Content starts

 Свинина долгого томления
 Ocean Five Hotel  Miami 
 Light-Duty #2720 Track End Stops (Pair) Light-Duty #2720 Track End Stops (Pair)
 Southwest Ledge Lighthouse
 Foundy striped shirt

Content ends
Content starts

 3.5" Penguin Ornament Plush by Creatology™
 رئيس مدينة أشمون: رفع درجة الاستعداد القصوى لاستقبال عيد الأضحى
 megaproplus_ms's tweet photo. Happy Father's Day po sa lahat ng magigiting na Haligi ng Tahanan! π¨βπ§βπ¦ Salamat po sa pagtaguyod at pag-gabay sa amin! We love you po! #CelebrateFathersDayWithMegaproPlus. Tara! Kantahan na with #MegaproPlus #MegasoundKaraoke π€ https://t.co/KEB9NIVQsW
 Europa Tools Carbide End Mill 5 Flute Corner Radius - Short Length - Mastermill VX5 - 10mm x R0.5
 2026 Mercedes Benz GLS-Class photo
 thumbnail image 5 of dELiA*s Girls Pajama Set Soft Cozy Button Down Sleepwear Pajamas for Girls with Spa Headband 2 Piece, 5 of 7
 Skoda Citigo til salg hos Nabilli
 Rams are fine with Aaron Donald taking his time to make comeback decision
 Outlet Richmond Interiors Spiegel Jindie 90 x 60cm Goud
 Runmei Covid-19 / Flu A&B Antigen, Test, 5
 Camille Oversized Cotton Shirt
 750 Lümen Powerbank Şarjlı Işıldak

Content ends
Content starts

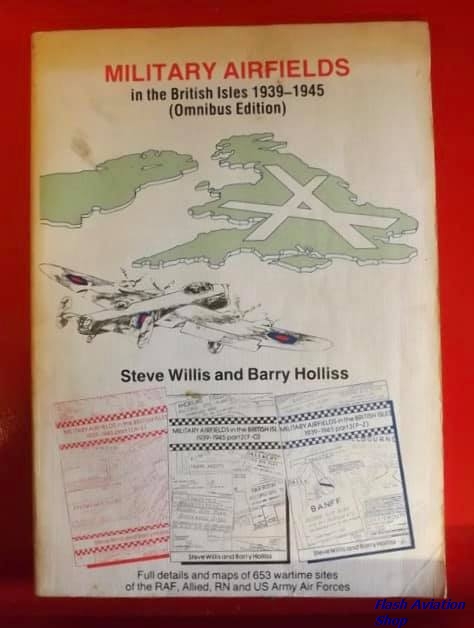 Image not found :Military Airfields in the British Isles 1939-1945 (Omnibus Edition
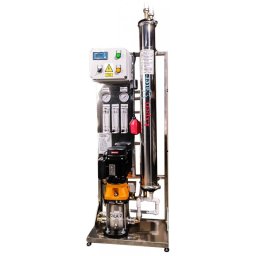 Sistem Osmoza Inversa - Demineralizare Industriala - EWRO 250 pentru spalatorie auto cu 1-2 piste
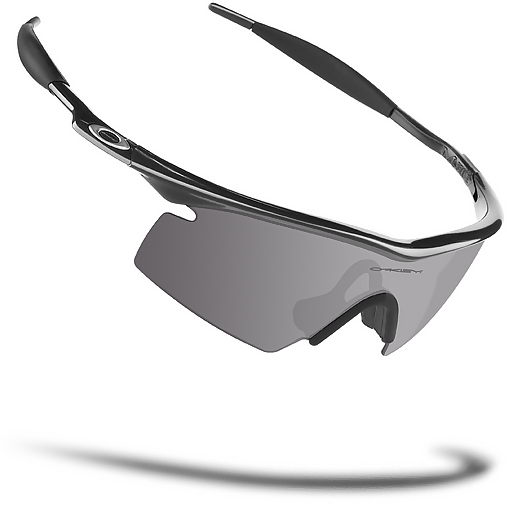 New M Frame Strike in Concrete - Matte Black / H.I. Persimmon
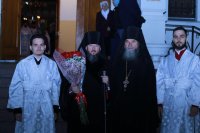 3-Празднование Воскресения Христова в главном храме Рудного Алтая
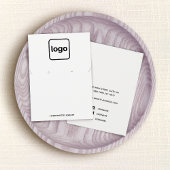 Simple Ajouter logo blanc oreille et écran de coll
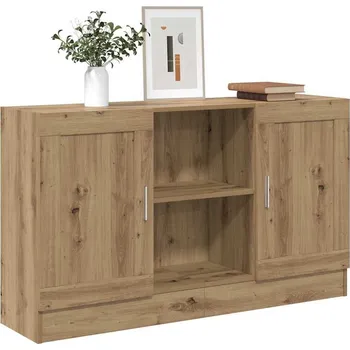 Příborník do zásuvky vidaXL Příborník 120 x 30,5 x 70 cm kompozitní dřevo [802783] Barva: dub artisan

Content ends

### Problem statement
Return all lines in the entries above that carry the word "photo".

### Answer area
 megaproplus_ms's tweet photo. Happy Father's Day po sa lahat ng magigiting na Haligi ng Tahanan! π¨βπ§βπ¦ Salamat po sa pagtaguyod at pag-gabay sa amin! We love you po! #CelebrateFathersDayWithMegaproPlus. Tara! Kantahan na with #MegaproPlus #MegasoundKaraoke π€ https://t.co/KEB9NIVQsW
 2026 Mercedes Benz GLS-Class photo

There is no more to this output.